ЕГЭ упрекают в том, что он не «измеряет» творческий потенциал. Но он и не должен. Когда я, профессор, задаю студенту вопрос, на который сама не знаю ответа, я ожидаю от него импровизации, полёта ума, чего-то необычайного. Но от выпускника школы нам, прежде всего, нужны знания, а не полёт фантазии. Право творить надо заработать. Студент, который ничего не знает, натворит нам такого, что никто не обрадуется. Мне кажется, если бы мы это поняли, то у нас бы меньше падали самолёты и тонули корабли. Беда наша в том, что мы очень не любим инструкции и правила; мы считаем, что во всём разбираемся лучше, чем тот, кто эти правила писал. Сколько раз я слышала от студентов: «Смешные американцы, всё делают по инструкции». Но сами студенты при этом хотят жить в таких же домах и ездить на таких же машинах, как американцы. Может быть, уважаемые, вы тогда задумаетесь: а как у них получаются такие дома и машины? Не надо бояться, что ЕГЭ, с его следованием инструкции, оглупляет нацию. Творческих людей в любой нации 10—15% — они всё равно родятся и пробьются. Для них есть олимпиады, открывающие простор творческой мысли. А вот действовать по инструкции — этому надо учиться. Ты экзамен не сдашь, если ты не прочитал задание, потому что правильно понять задание — это 50% успеха. Прочитать , понять её и выполнить — это важнейший жизненный навык, его нужно формировать и развивать. И ЕГЭ проверяет и его тоже. Часто на апелляции родители говорят: «Ребёнок правильно всё сделал, просто не в те клеточки написал ответ!» Помилуйте, как же он будет учиться в вузе, если после всех тренировок, уже получив и изучив все материалы, по-прежнему не может записать ответ в нужную клеточку? Это ведь тоже своего рода функциональная грамотность.

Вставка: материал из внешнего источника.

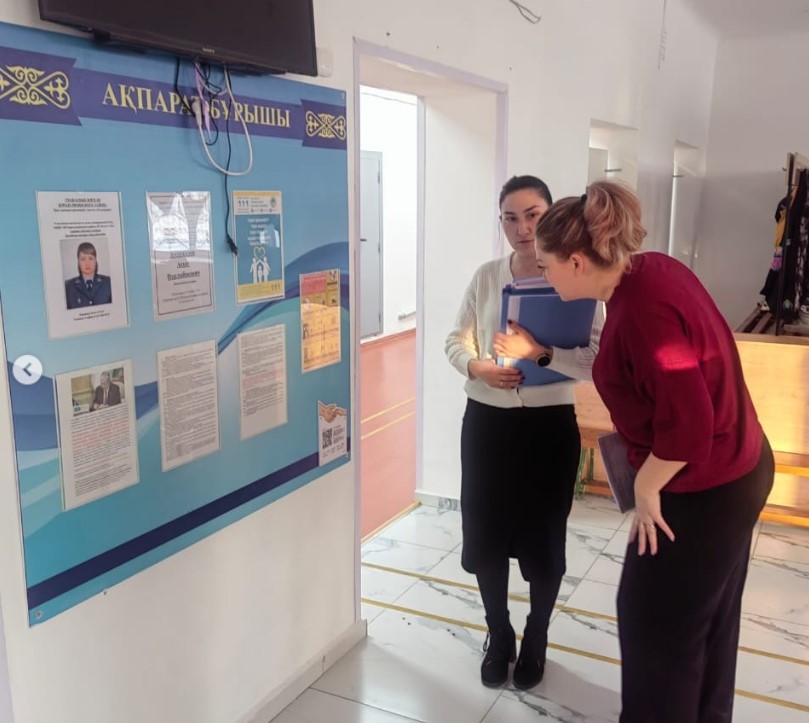 ⚡️Білім беру ұйымдарына мониторинг.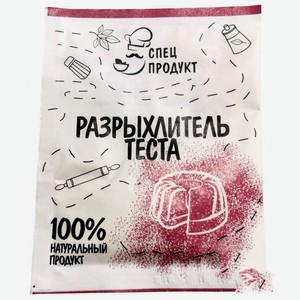 Разрыхлитель теста 20гр СпецПродукт Россия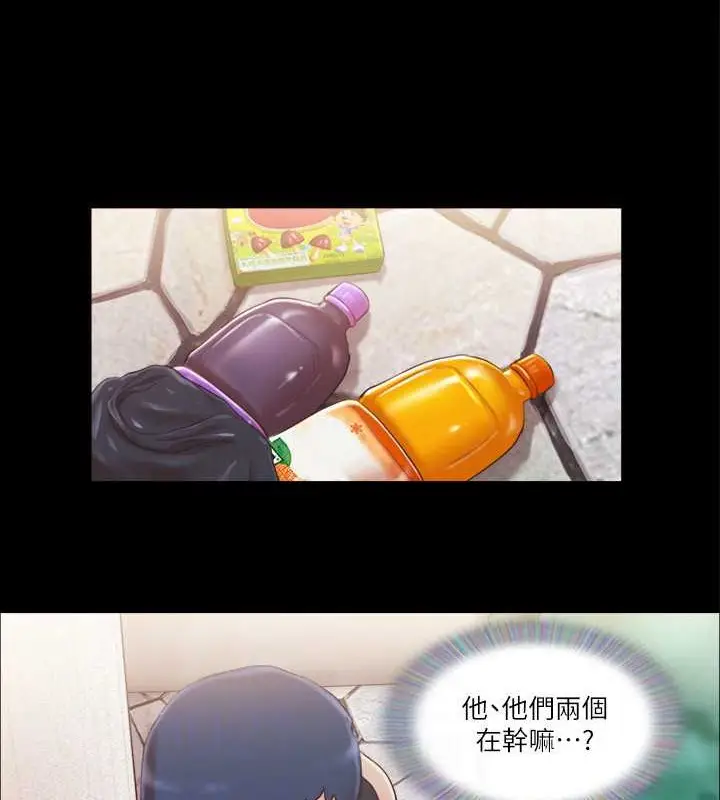 漫画《协议换爱》第37话第43张图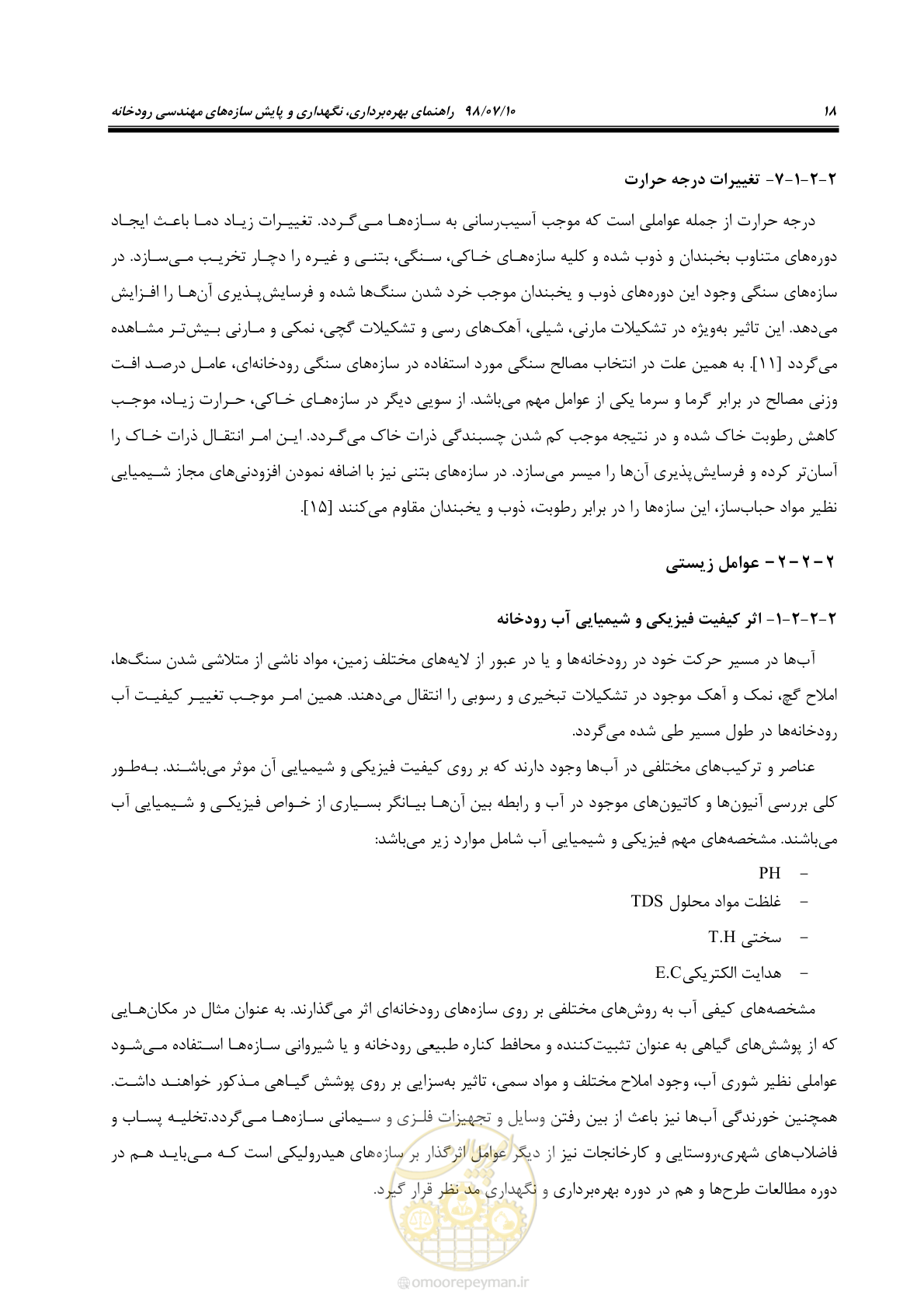صفحه 34 از 172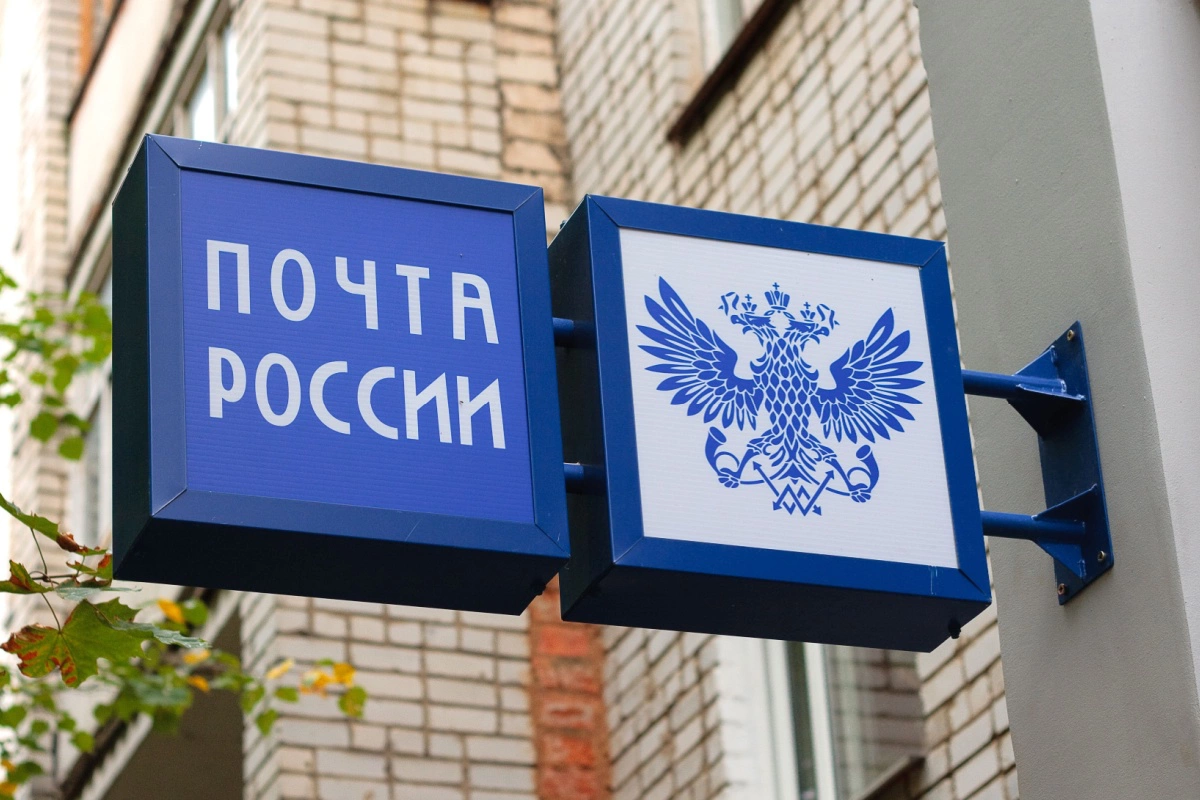 Получать пенсию можно в местном почтовом отделении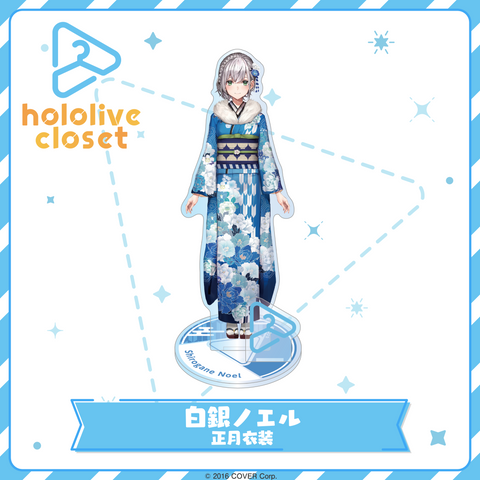 hololive closet 白銀ノエル 正月衣装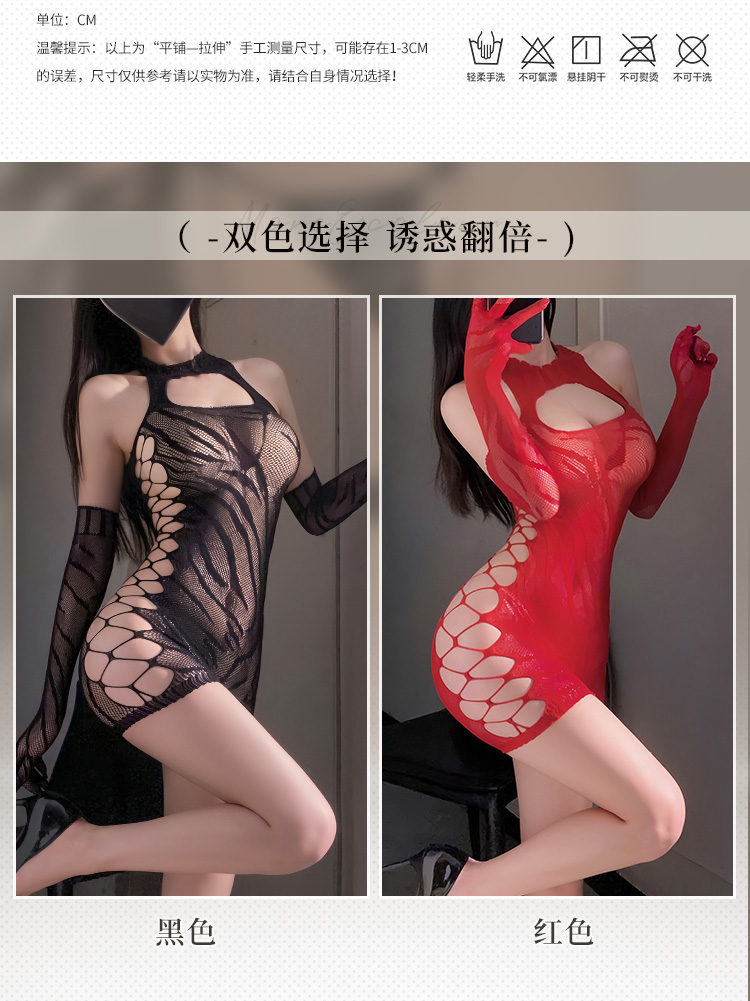 7401热辣野性斑马纹连身网衣套装(图6)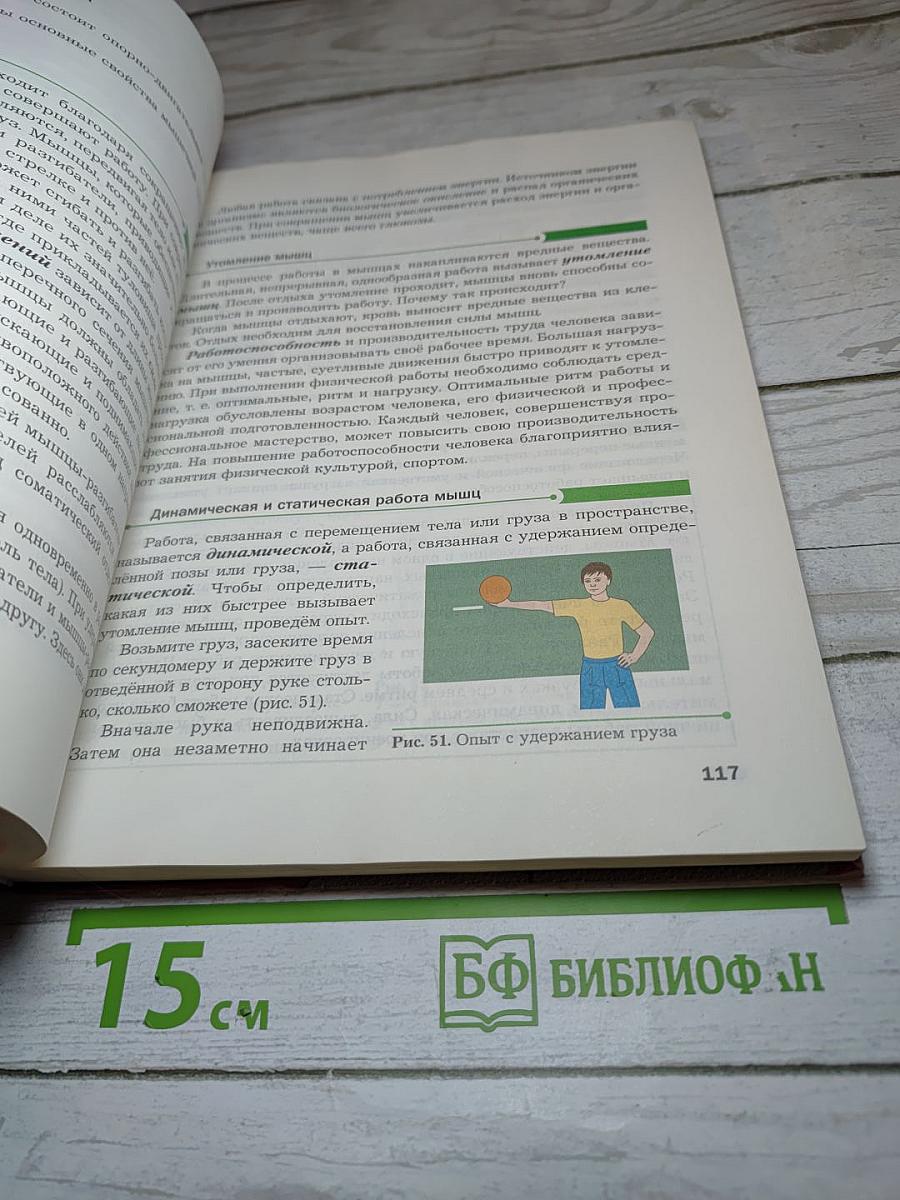Биология, 9 класс, Учебник
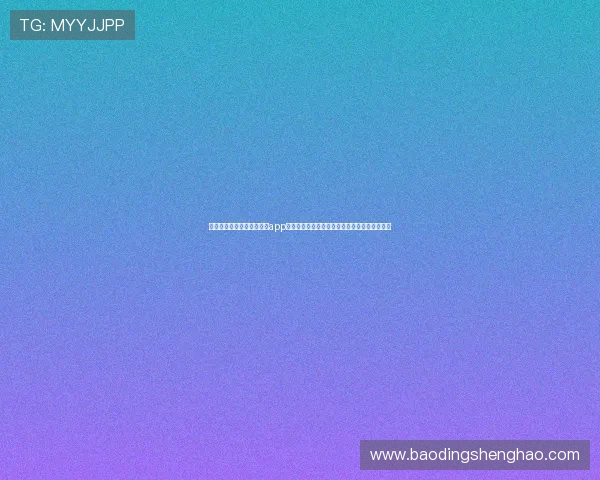 凯发正规会员登录官网下载app，全天候客服支持为用户解决使用中的各种疑问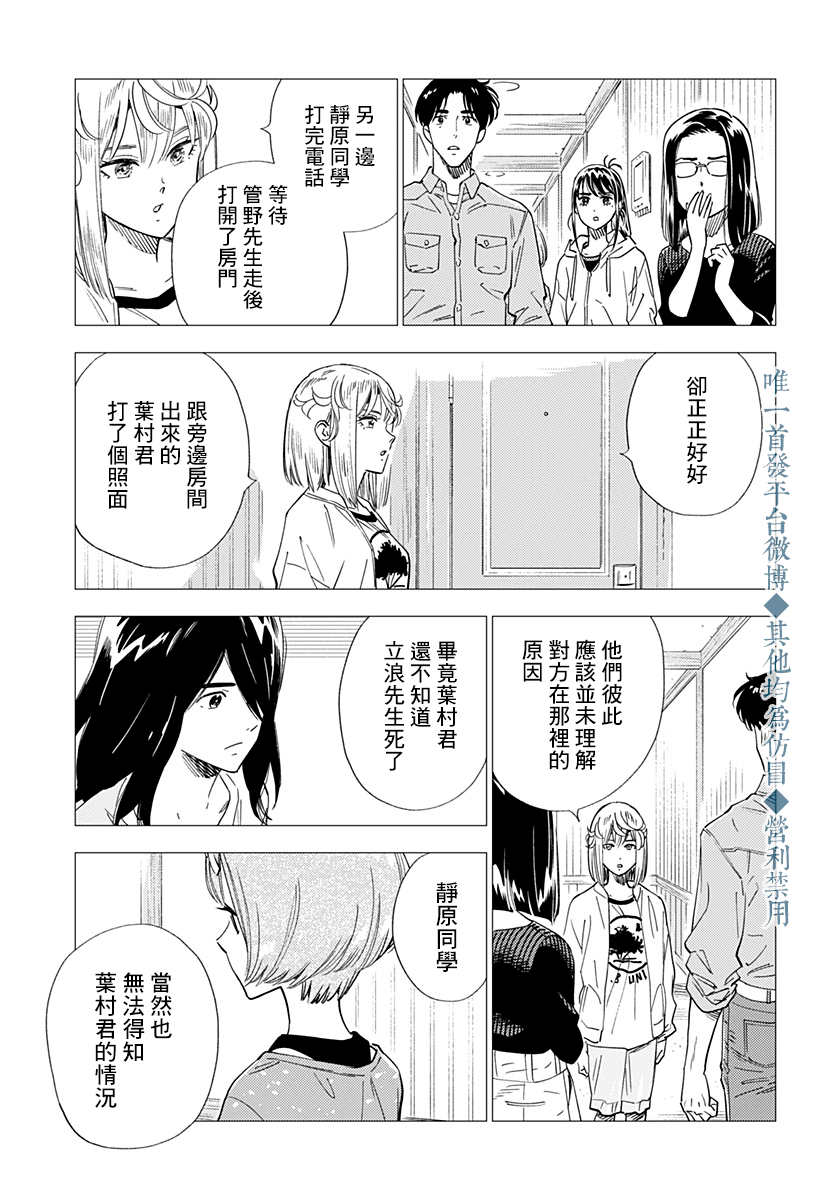 尸人庄杀人事件 21话 第18页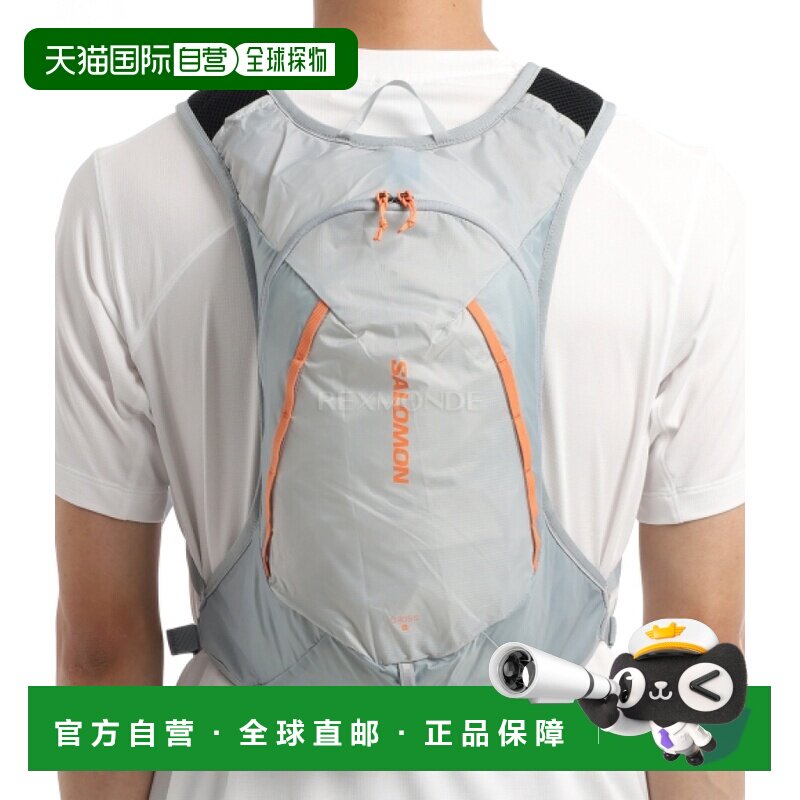 韩国直邮SALOMON CROSS 8（灰紫/采石场/油桃）（LC2856800） 30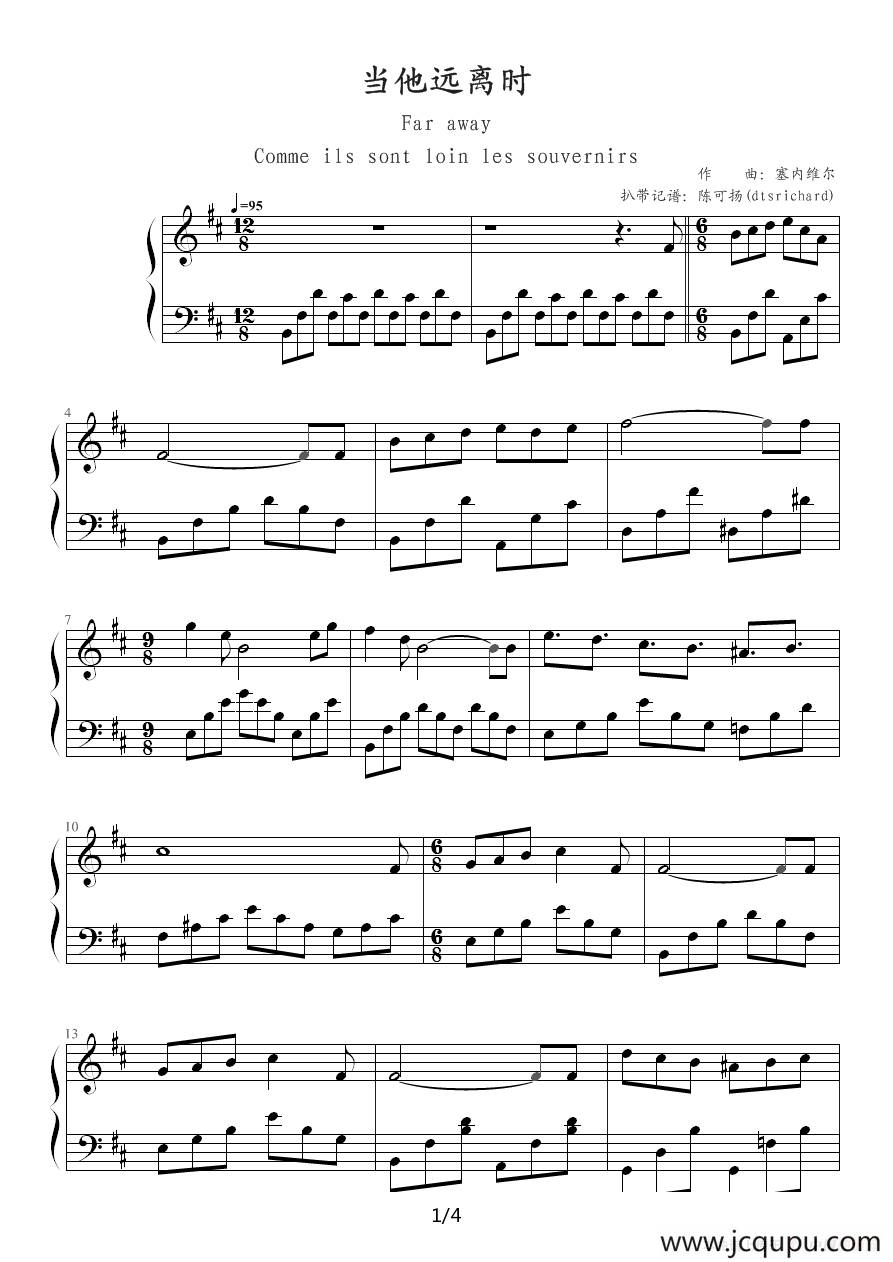 当他远离时简谱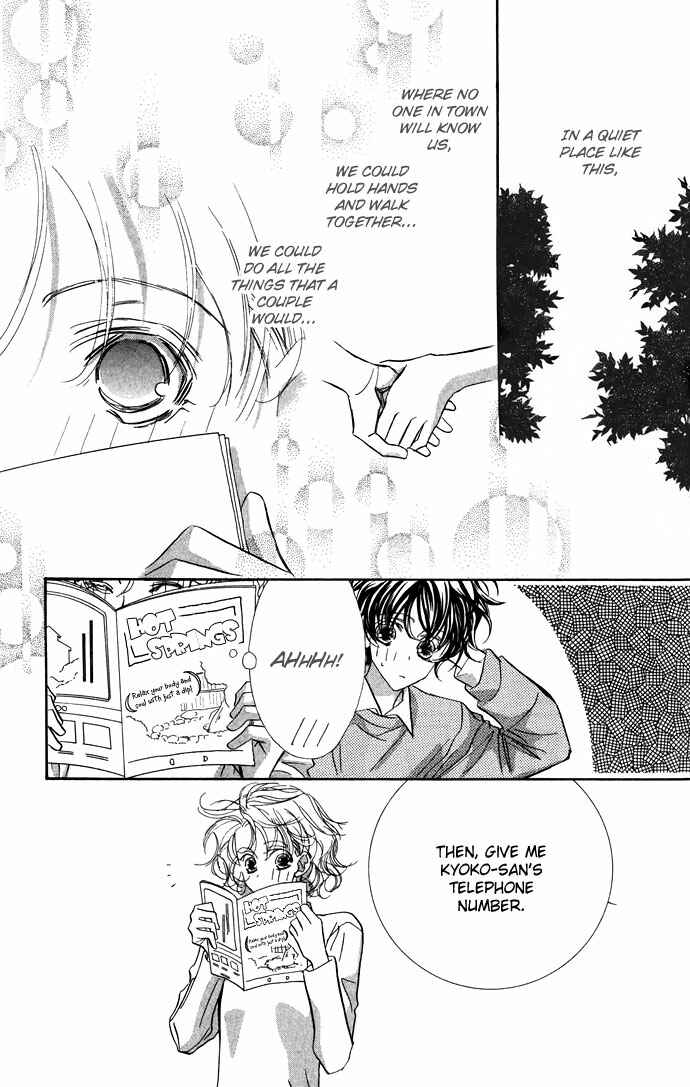 Page 4 Chapter 16 Yoru Made Matenai.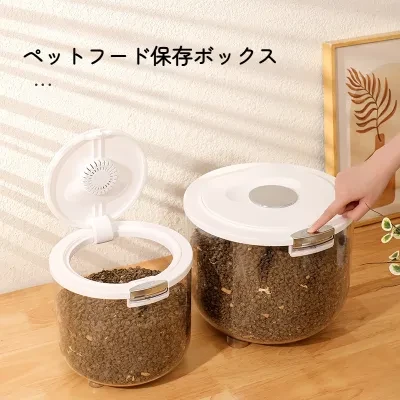 ペットフード保存容器｜猫犬用・密閉・防湿・家庭用・ストレージボックス・キャットフード缶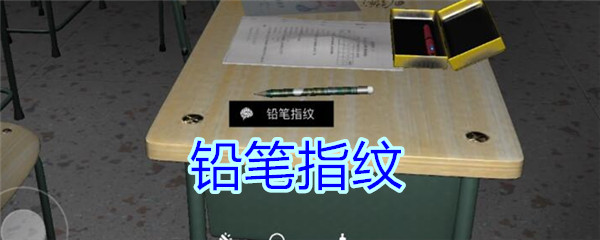 《孙美琪疑案-王思凤》五级线索——铅笔指纹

Меня порадовали итоги 2011 года, когда русский сдали в целом лучше, чем иностранный, потому что два предыдущих года средний балл ЕГЭ по иностранному языку держался выше, чем по русскому. Но иностранному у нас в школах всё-таки учат лучше: больше внимания уделяется рассуждению, аргументированию. Конечно, высокий балл по иностранному объяснялся ещё и тем, что его сдают по выбору, в то время как русский обязателен, но это мало кто понимал, и начали появляться статьи: «Какой ужас, наши дети знают английский язык лучше, чем родной!» А с другой стороны — что такого? Я бы радовалась, что хоть какой-то знают.

Скажу больше, я бы и в экзамен по русскому языку тоже включала аудирование, хотя бы для тех, кто собирается поступать в вузы. Если студент не может извлечь информацию из сказанного на родном языке, не может отделить главную мысль от второстепенной, сделать обобщения и выводы, провести грань между мнением и фактом, — как он сможет учиться?

С иностранными языками ситуация складывается лучше, потому что ещё в 2004 году были приняты хорошие современные стандарты для начальной и основной школы, по которым мы живём. В наибольшей мере стандарты соблюдаются в обучении английскому языку, потому что к нему традиционно больше внимания. Так что «иностранцы» с их коммуникативным подходом к обучению языкам дорабатывают многое из того, что не доделывают русисты. Мы ставим задачи по языку так, что для их решения нужен определённый уровень когнитивного развития, общеучебные умения. Например, чтобы справиться с «особо трудным» заданием С-2 (письменное развёрнутое высказывание с элементами рассуждения), надо уметь рассуждать. Если мы недостаточно учим этому на всех остальных предметах, выпускнику, конечно, трудно. Мы, обучая иностранному языку, стараемся учить школьников рассуждать, но давайте же и все вместе к этому стремиться.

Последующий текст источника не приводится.